Often regarded as the first true leadership book, The Prince shocked its readers with its proposals of ruthless action and the suggestion that a leader’s ends justify his means.  Written in the early 1500s, at the time Cesare Borgia, the Duke Valentino (‘The Prince’) claimed power in eastern Italy, the book encourages risk taking and ambition. Machiavelli admired and assisted Borgia in an era when the only way to ascend to power was to be born a prince. Eventually, he paid a high price for his admiration; he wrote his famous work while in exile. Machiavelli, a respected scholar of Italian history, also authored The Art of War.
(260 pages, Capstone, 2010)


A Journey

Tony Blair

This engaging account of Tony Blair’s tenure as Prime Minister opens with his confession that, before being elected to the highest office in the land, he had never held any position in government.

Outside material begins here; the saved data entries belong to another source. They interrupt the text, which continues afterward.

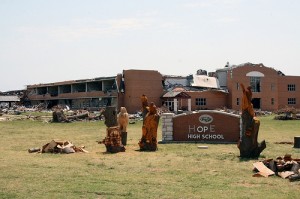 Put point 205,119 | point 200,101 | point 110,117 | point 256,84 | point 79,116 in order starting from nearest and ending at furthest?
point 110,117 < point 205,119 < point 79,116 < point 200,101 < point 256,84

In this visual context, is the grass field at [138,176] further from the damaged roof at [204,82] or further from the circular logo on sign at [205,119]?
the damaged roof at [204,82]

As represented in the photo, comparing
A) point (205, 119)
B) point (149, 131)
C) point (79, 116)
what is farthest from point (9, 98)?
point (149, 131)

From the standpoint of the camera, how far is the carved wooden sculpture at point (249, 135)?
1678cm

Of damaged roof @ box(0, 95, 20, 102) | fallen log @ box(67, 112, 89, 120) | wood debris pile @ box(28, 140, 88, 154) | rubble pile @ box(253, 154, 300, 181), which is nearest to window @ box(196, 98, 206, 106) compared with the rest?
fallen log @ box(67, 112, 89, 120)

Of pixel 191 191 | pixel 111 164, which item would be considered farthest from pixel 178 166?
pixel 191 191

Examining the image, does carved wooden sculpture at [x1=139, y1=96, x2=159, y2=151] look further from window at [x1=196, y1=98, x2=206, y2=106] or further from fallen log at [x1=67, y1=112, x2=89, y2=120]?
window at [x1=196, y1=98, x2=206, y2=106]

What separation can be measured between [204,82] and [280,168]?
55.8 metres

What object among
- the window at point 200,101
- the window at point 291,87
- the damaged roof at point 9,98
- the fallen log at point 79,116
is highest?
the window at point 291,87

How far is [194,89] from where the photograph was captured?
66125 mm

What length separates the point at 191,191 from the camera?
10.5 metres

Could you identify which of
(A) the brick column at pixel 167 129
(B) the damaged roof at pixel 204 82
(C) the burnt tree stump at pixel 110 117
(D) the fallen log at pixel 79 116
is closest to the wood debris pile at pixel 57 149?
(C) the burnt tree stump at pixel 110 117

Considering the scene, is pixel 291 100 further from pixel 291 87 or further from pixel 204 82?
pixel 204 82

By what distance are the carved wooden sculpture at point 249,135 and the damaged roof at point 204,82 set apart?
4967 centimetres

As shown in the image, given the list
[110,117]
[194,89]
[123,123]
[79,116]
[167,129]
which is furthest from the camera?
[194,89] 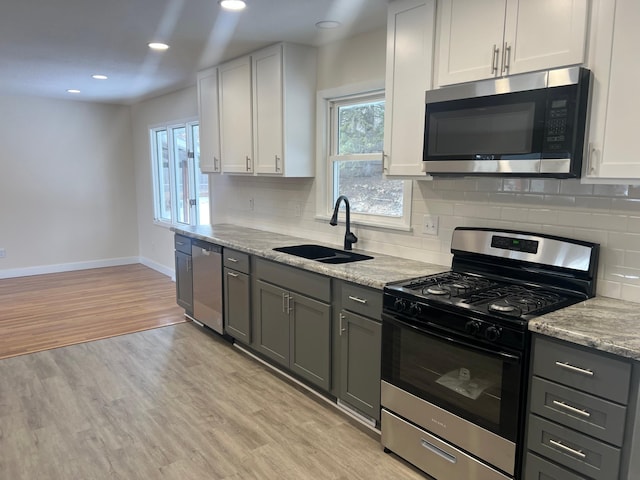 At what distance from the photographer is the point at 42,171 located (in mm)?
6512

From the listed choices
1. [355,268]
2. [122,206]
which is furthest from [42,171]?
[355,268]

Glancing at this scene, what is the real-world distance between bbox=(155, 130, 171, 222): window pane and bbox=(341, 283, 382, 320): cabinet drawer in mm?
4523

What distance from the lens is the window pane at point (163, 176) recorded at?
6.55 m

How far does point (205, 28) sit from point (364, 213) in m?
1.68

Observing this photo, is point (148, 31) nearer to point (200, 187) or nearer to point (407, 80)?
point (407, 80)

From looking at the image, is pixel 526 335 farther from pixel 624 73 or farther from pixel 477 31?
pixel 477 31

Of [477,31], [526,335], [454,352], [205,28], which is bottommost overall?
[454,352]

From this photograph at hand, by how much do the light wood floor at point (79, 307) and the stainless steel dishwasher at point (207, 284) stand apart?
0.57 metres

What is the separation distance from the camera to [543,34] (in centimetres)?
197

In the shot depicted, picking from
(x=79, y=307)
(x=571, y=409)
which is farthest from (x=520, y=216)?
(x=79, y=307)

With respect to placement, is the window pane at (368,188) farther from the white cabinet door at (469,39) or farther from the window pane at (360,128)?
the white cabinet door at (469,39)

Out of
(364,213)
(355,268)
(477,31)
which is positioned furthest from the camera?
(364,213)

He came to office as the victorious leader of the Labour Party after Labour had lost four elections in a row. Blair suddenly saw himself as “the person who was the owner of the responsibility, the person not explaining why things were wrong but taking the decisions to put them right.” He was the man in charge while, he admits, he knew nothing about how government really worked.
(736 pages, Hutchinson, 2011)


Tao Te Ching

Lao-Tzu

Tao Te Ching is a guide to virtue, understanding, humility and, ultimately, peace. This classic by Chinese philosopher Lao Tzu was first published in this Penguin Books translation in 1963. Since then it has helped Westerners appreciate how yin and yang — the polar forces of nature — are interconnected and interdependent. The two poles are complementary and in constant motion, interacting with a whole system. Lao Tzu instructs students to surrender to the flow, because to resist it is futile.
(96 pages, Penguin, 2009)


A Long Walk to Freedom: An Autobiography of Nelson Mandela

Nelson Mandela

As one of only a few black African lawyers, Mandela writes that he did not seek a life in public service: instead, he accepted the calling of a struggle against the apartheid government of South Africa. This act of bravery resulted in 27 years of imprisonment, the loss of two marriages and separation from his family. Yet, his generous spirit endured. It is an inspiring story of the belief in one’s country and the power of servant leadership.